→ **Scraped caption text data**
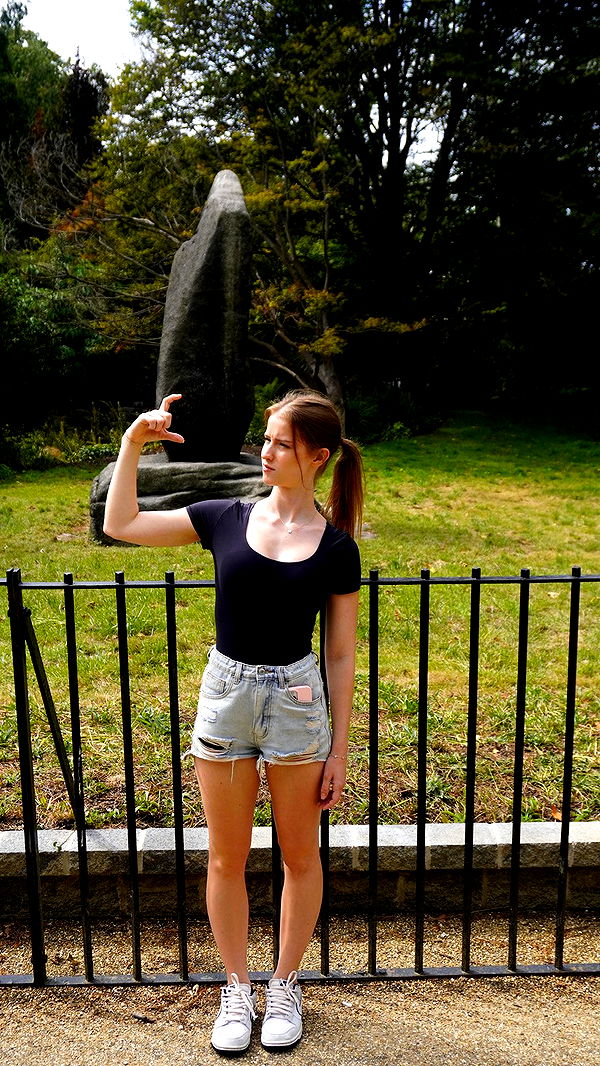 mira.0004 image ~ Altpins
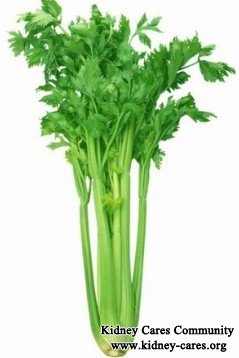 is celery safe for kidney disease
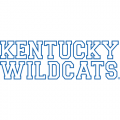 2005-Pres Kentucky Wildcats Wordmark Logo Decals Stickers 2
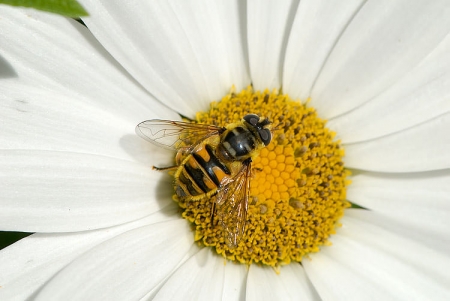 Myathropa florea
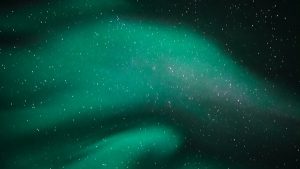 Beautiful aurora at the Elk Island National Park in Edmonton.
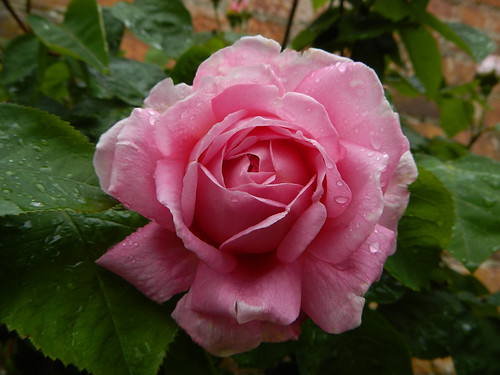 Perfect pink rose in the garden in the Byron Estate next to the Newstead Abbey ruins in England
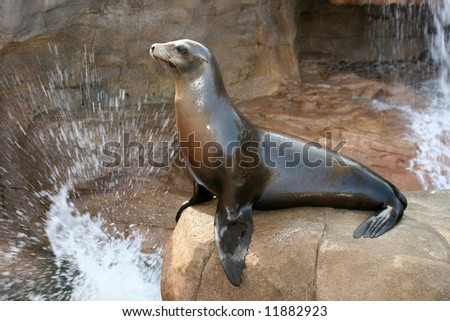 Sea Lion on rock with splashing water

--

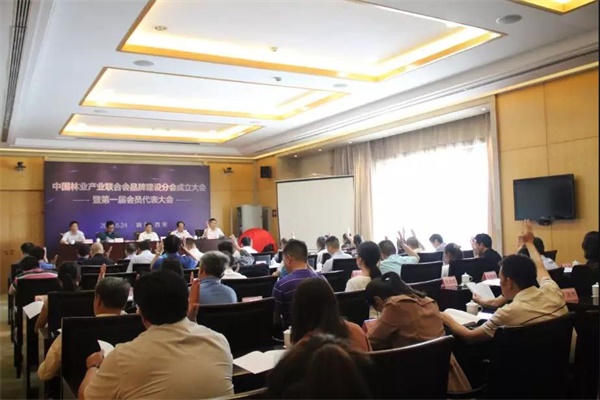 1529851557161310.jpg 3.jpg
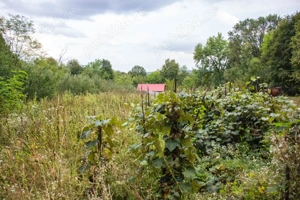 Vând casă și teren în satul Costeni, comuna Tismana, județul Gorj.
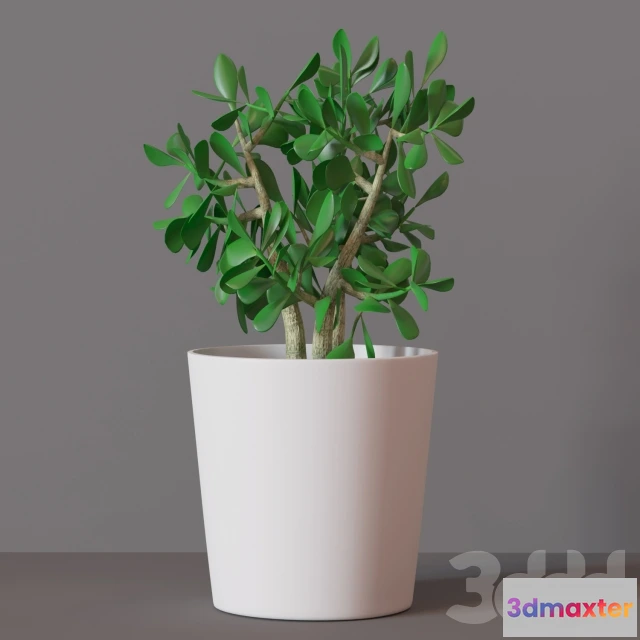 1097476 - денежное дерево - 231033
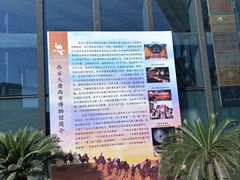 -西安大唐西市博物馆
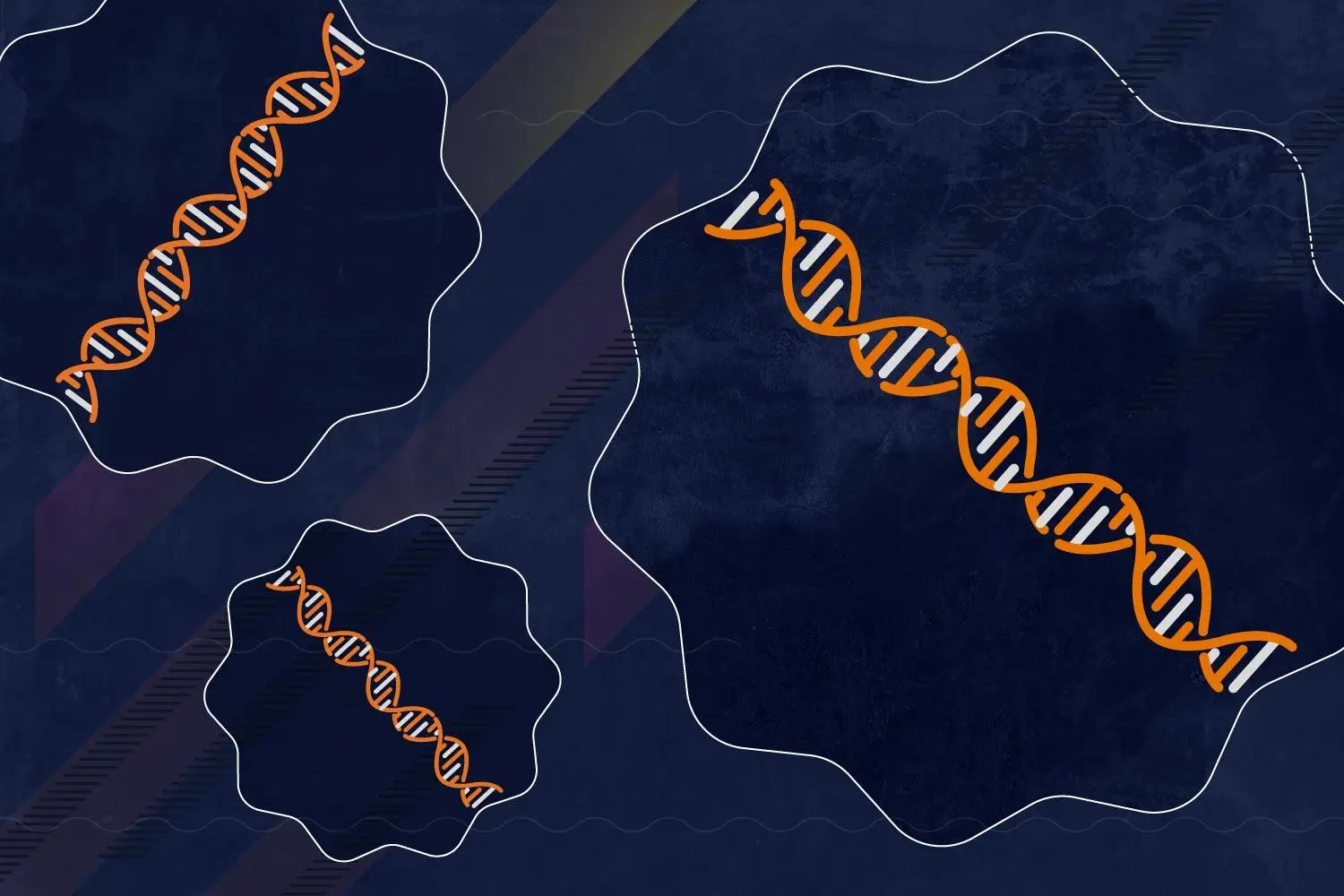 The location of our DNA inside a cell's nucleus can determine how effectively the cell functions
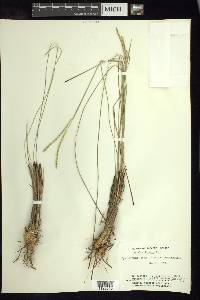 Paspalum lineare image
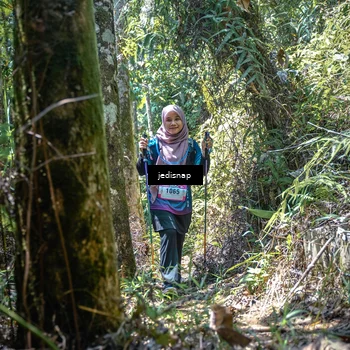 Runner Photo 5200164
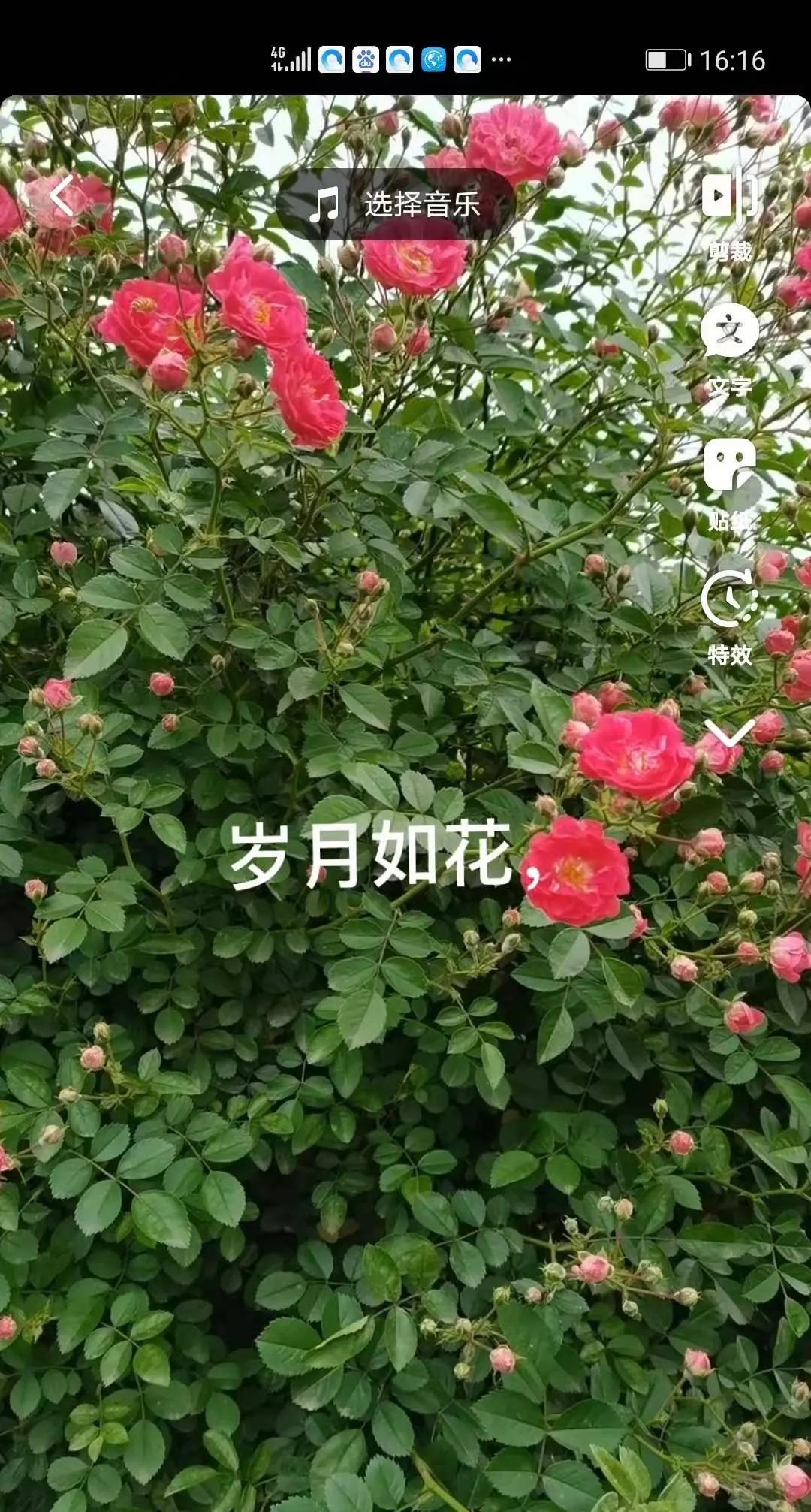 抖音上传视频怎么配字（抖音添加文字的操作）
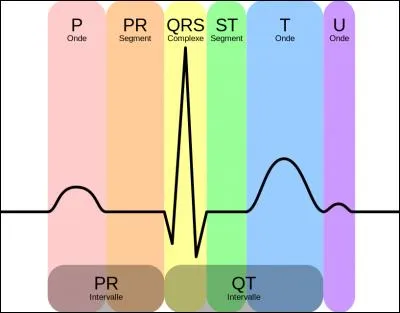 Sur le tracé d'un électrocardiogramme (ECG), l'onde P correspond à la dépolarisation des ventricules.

→ **Exercise aim**
Above are some entries; copy exactly the lines from the line with "Vând casă și" through the line with "Sur le tracé", both included, but none of the pictures.

→ **Output of the exercise**
 Vând casă și teren în satul Costeni, comuna Tismana, județul Gorj.
 1097476 - денежное дерево - 231033
 -西安大唐西市博物馆
 The location of our DNA inside a cell's nucleus can determine how effectively the cell functions
 Paspalum lineare image
 Runner Photo 5200164
 抖音上传视频怎么配字（抖音添加文字的操作）
 Sur le tracé d'un électrocardiogramme (ECG), l'onde P correspond à la dépolarisation des ventricules.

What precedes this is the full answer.